In 2017, Gail was honored by DirectWomen with the Sandra Day O'Connor Board Excellence Award for serving with distinction as an independent director of public companies and for working to advance the value of diversity in board positions. We spoke with Gail about winning the award and her vision for the future.
What does winning the Linda T. Mellowes Women Leader of the Year Award mean to you?
Linda is a United Way rock star. Actually, she is an all-around rock star. She set the bar as a two-time chair of the citywide campaign and as the first female chairperson of the board for United Way. And she continues to raise the bar for all of us. She has been my inspiration for years; my role model. So, receiving an award in her name is a pretty incredible honor.
What drives your passion for giving back to the community through Women United?
Women United is a national force of over 75,000 women who are giving at leadership level. Imagine harnessing all that power for good in our local communities. If that is not inspiration enough, the results are what drives my passion. Together we can make change and provide greater opportunities for so many more women and girls.
What have been some highlights of your time with Women United?

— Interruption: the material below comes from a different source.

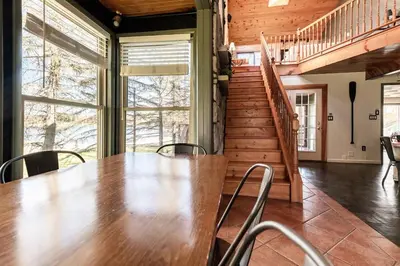 a large wooden table in a room with a staircase at Waterfront Stagshead Lakehouse at Lake Arrowhead in Arrowhead Lake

Just look what we did in Milwaukee with reducing teen pregnancy. What we achieved in lowering the number of teen births was terrific. But as important was the increase in high school graduation rates for those same girls.

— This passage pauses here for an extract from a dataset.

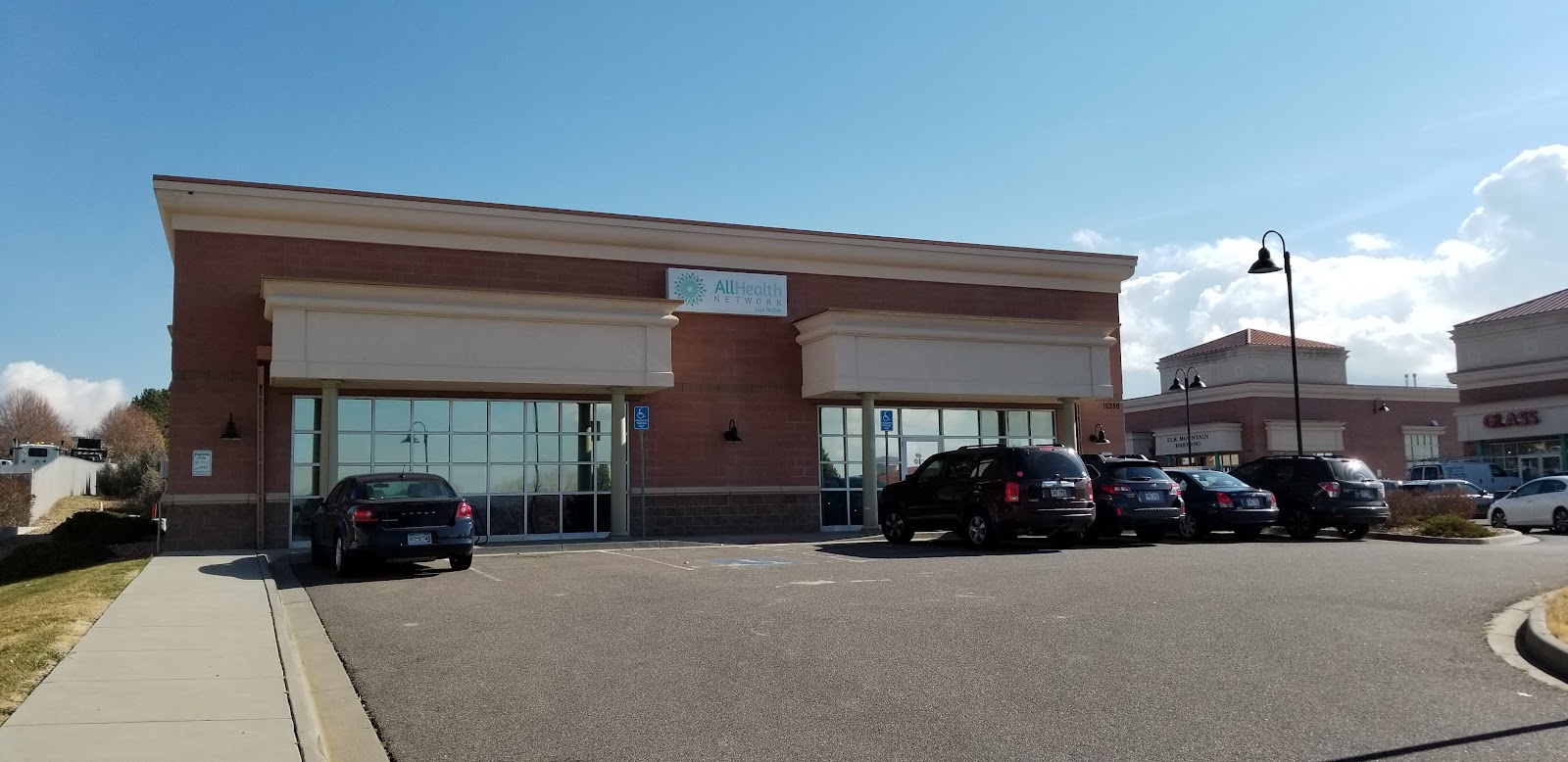 Exterior front showing dual glass entrance doors, brick facade, accessible parking spaces, and vehicles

It is all about giving people opportunities and opening doors. So just think what happens when you have over 175 local Women United groups around the country working to provide such opportunities and open those doors in their communities. Each one has made an assessment of what will be transformative in their city or town and moved forward creatively to change their environment.
As chair of the Women United Global Leadership Council, I get to see this passion firsthand as I work with my colleagues to share best practices across the network and help grow those women affinity groups. It is heartwarming and empowering in a country that needs to hear positive stories about good people helping others.
What advice do you have for young women looking to advance their career and make a difference in their communities?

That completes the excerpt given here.